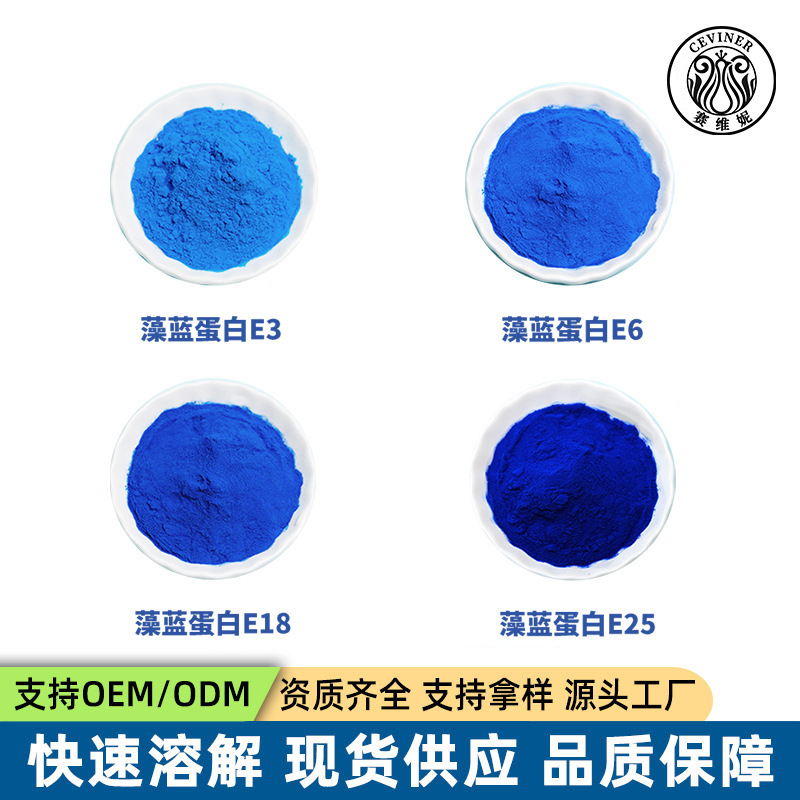 Phycocyanin E3/E6/E18/E25 Phycocyanin Food Grade Raw Material Phycocyanin Powder Phycocyanin E3/E6/E18/E25 Phycocyanin Food Grade Raw Material Phycocyanin Powder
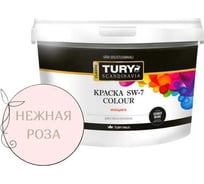 Краска водно-дисперсионная TURY SW-7 Color моющаяся, нежная роза 04-01, 2,4 кг 00020015941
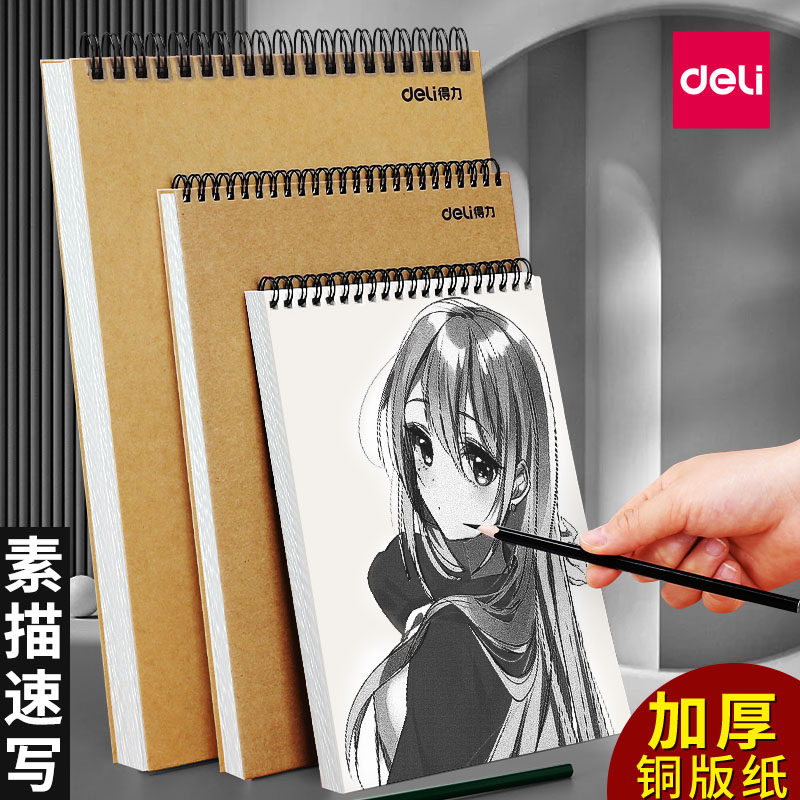 Powerful sketchbook art student sketchbook picture book painting watercolor paper hand-painted marker pen special painting book 16k painting book 8k sketch paper a4 kindergarten primary school students color lead 8 open blank paper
-=-=-
The answer must repeat every line of the listing exactly and leave the pictures out.

> **Expected answer**
 Phycocyanin E3/E6/E18/E25 Phycocyanin Food Grade Raw Material Phycocyanin Powder Phycocyanin E3/E6/E18/E25 Phycocyanin Food Grade Raw Material Phycocyanin Powder
 Краска водно-дисперсионная TURY SW-7 Color моющаяся, нежная роза 04-01, 2,4 кг 00020015941
 Powerful sketchbook art student sketchbook picture book painting watercolor paper hand-painted marker pen special painting book 16k painting book 8k sketch paper a4 kindergarten primary school students color lead 8 open blank paper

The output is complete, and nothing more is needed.